Reframing what “stop” means
For most people, stopping feels like failure or waste. You were making progress and now you’re not. The reframe is that evaluation is itself the cheapest possible action, always cheaper than building more on a flawed foundation. This changes the emotional calculus even when the impulse is still there.
Keeping switching costs low
The impulse to continue draws power from real switching costs that accumulate with every hour of continued execution. The less you’ve invested, the easier it is to hear the signal telling you to change direction. Practices like cheap experiments before commitment, small commits, well-defined interfaces, and feature flags all serve the same purpose by keeping the cost of being wrong low for as long as possible.
This is why shaping work before committing to it matters. When you’ve defined clear boundaries and identified risks upfront, the moment of “this isn’t right” arrives before you’ve built the organizational investment that makes switching feel impossible.

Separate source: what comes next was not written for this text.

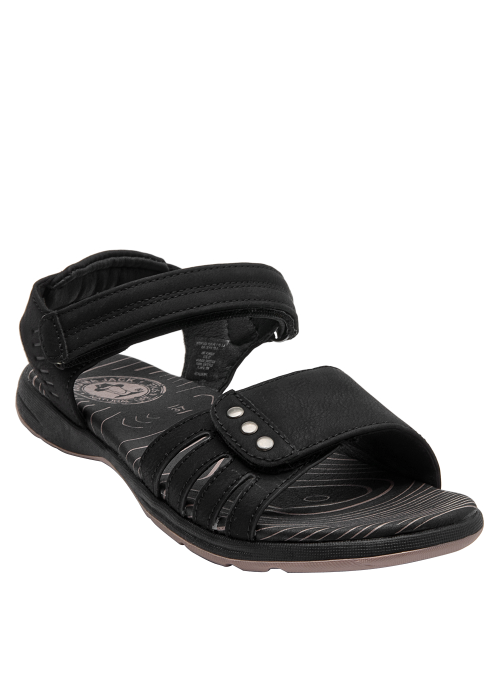 Sandalia sintética negra, ideal para paseos al aire libre y ropa veraniega.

Building external pause points
Because the impulse operates faster than individual reflection, environmental design matters as much as personal discipline. Structural interrupts that externally force evaluation create pause points that don’t depend on someone having the self-awareness to stop on their own.
Circuit breakers, time boundaries, and explicit checkpoints make “keep going” an active choice rather than the default. When continuation requires justification instead of being automatic, the bias loses some of its power because you’re reasoning about whether to continue rather than just doing it.

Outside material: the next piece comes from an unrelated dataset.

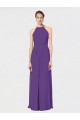 Soft Chiffon Spaghetti Straps Sleeveless Open Back Plum Purple Long Bridesmaid Dress Essex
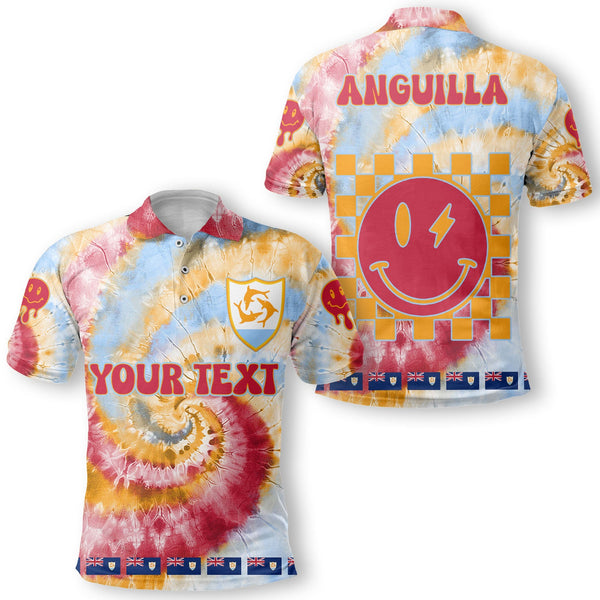 Anguilla Polo Shirt Custom Tie Dye Style 1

Context-shifting more often
The natural objection is that questioning costs real productivity. Context switching is expensive, and developers invoke this constantly. But how much of that argument is genuine, and how much is the bias protecting itself? Four hours of uninterrupted coding on a misunderstood problem doesn’t produce the right solution. If you couldn’t stop to reconsider in the first place, then your “focused work” wasn’t productive flow; it was the bias running unchecked. Context switching away from something you didn’t understand and weren’t willing to re-examine isn’t losing momentum. It’s gaining perspective.

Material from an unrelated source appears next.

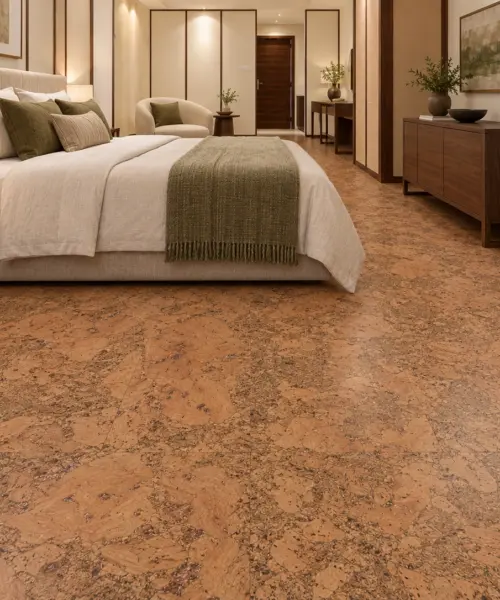 Tasmanian Burl installed flooring in a furnished daylight interior; accurate product scale visualization (CZ3333VML)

There is a real cost to random interruption, and that’s exactly the argument that makes “wait until the sprint review” feel reasonable. But two weeks from now is almost always too late. Structural interrupts earn their value here by creating moments where questioning is expected rather than disruptive. When circuit breakers, checkpoints, or hill chart reviews provide those moments, reassessment becomes part of the rhythm rather than a break from it. There’s a difference between being present in the moment and being focused to the exclusion of all else. Presence means being receptive to signals while they’re still cheap to act on. Tunnel vision means the signal arrives and can’t get through.
The Foundation
This is the prerequisite for everything else I believe about building software. You can’t realign after discovery if you can’t stop long enough to receive the discovery. You can’t measure outcomes instead of activity if the impulse to continue makes activity feel like outcomes. You can’t build for change if you can’t change direction yourself.
Every methodology, every discipline, every process improvement I’ve advocated for assumes that when the signal arrives, someone will hear it and act on it. Plan continuation bias is the mechanism that prevents exactly that. Recognizing it, not just intellectually but in the moment, mid-implementation, while writing code that should have been reconsidered an hour ago, is the foundation that makes everything else possible.